▶ EXERCISE INSTRUCTIONS: Repeat exactly the lines from the start of the material below up to and including the "Image 1 for Glitch Angel Wings For Pi…" line.

[[ DATA PROVIDED open ]]

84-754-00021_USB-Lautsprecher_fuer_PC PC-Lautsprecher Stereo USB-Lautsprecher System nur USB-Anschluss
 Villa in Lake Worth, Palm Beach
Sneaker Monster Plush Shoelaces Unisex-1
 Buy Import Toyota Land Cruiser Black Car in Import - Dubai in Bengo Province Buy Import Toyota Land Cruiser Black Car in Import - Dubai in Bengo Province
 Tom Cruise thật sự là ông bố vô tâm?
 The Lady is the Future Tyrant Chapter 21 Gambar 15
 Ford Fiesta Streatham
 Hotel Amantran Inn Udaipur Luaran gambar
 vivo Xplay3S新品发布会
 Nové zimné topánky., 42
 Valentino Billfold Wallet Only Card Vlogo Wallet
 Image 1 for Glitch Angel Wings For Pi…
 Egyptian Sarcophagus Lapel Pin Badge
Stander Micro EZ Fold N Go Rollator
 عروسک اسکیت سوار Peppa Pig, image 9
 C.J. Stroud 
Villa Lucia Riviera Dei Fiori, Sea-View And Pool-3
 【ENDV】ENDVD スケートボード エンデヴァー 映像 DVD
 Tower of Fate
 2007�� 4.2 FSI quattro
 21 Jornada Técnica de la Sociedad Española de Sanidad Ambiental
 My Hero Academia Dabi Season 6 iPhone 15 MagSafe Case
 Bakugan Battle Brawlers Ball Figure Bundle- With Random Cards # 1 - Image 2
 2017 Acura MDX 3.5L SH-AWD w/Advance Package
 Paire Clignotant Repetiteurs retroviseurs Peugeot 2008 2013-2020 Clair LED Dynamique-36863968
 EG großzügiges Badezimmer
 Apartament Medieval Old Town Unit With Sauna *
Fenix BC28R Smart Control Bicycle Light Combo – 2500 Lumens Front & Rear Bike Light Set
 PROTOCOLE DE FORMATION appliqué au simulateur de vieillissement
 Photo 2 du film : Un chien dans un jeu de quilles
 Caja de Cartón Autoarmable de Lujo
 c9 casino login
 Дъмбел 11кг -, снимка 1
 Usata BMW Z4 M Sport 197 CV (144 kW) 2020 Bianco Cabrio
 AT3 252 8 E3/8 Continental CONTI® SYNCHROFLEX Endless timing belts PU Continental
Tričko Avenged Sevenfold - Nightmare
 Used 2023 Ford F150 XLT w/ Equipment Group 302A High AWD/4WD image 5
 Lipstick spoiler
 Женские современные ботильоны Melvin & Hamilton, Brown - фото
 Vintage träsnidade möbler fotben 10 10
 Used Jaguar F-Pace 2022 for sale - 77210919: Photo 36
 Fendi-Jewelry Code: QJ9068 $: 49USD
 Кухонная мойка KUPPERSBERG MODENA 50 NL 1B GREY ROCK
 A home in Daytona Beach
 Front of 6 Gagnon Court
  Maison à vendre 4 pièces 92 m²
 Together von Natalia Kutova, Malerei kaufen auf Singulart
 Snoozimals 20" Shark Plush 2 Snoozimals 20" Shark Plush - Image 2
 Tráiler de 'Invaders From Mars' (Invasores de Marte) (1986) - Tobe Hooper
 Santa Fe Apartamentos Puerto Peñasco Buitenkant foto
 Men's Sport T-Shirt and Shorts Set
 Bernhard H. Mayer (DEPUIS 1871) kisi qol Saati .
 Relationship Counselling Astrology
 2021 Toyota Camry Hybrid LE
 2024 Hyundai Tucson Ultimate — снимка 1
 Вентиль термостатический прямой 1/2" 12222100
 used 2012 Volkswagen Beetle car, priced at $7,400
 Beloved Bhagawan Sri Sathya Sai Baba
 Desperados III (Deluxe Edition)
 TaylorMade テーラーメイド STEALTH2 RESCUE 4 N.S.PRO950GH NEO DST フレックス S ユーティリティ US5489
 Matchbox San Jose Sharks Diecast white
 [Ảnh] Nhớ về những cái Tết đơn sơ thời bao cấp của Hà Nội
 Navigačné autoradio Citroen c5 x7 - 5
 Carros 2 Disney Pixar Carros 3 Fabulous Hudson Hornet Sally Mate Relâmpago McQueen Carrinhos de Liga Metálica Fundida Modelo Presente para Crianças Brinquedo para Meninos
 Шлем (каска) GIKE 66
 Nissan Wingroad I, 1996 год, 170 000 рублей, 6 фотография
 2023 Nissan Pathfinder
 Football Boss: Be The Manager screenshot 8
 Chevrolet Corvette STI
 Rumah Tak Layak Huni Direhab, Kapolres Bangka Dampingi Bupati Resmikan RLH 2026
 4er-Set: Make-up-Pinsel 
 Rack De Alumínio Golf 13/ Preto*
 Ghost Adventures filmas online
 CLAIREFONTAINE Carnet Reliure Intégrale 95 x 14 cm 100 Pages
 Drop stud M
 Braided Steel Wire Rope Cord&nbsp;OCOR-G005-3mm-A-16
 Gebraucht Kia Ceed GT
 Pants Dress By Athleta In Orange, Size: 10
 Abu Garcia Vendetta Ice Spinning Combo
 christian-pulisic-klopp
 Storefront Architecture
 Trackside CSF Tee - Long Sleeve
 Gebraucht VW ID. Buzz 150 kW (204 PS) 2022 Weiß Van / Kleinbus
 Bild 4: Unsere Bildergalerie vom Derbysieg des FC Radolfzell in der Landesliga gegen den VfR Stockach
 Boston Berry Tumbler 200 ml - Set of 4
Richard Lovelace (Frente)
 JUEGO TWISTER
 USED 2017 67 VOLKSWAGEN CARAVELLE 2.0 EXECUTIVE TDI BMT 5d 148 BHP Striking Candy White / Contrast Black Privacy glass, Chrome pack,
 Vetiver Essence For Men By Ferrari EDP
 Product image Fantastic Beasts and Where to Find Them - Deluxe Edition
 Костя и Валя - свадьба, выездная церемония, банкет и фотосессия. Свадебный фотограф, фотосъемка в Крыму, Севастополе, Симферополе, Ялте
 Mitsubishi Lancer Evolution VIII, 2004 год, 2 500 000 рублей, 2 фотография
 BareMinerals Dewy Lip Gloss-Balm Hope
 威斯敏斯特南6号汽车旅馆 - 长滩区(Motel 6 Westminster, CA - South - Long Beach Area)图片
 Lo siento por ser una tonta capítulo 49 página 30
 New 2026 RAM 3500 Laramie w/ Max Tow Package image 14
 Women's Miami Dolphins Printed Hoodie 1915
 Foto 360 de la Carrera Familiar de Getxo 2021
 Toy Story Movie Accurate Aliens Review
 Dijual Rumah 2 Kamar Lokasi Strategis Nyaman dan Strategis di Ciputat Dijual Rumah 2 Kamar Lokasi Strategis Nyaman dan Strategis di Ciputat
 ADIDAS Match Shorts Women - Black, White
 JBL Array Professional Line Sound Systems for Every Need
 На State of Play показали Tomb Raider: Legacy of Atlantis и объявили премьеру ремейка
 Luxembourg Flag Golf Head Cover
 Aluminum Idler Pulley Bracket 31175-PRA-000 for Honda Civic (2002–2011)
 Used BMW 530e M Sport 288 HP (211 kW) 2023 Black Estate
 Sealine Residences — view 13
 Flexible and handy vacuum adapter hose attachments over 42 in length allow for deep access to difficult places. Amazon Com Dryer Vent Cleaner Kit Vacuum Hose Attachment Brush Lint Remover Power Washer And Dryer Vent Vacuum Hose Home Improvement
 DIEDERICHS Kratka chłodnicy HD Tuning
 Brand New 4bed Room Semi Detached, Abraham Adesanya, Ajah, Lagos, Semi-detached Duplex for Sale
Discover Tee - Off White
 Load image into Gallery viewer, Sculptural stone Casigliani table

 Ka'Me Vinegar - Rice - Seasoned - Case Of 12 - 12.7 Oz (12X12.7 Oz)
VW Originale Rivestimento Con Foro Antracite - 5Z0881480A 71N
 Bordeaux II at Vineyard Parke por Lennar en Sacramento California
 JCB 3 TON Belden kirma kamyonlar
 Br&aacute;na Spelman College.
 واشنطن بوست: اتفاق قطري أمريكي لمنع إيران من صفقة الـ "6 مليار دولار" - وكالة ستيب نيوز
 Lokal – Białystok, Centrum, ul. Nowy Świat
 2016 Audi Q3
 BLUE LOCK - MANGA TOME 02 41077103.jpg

[[ DATA PROVIDED closed ]]

▶ OUTPUT:
84-754-00021_USB-Lautsprecher_fuer_PC PC-Lautsprecher Stereo USB-Lautsprecher System nur USB-Anschluss
 Villa in Lake Worth, Palm Beach
Sneaker Monster Plush Shoelaces Unisex-1
 Buy Import Toyota Land Cruiser Black Car in Import - Dubai in Bengo Province Buy Import Toyota Land Cruiser Black Car in Import - Dubai in Bengo Province
 Tom Cruise thật sự là ông bố vô tâm?
 The Lady is the Future Tyrant Chapter 21 Gambar 15
 Ford Fiesta Streatham
 Hotel Amantran Inn Udaipur Luaran gambar
 vivo Xplay3S新品发布会
 Nové zimné topánky., 42
 Valentino Billfold Wallet Only Card Vlogo Wallet
 Image 1 for Glitch Angel Wings For Pi…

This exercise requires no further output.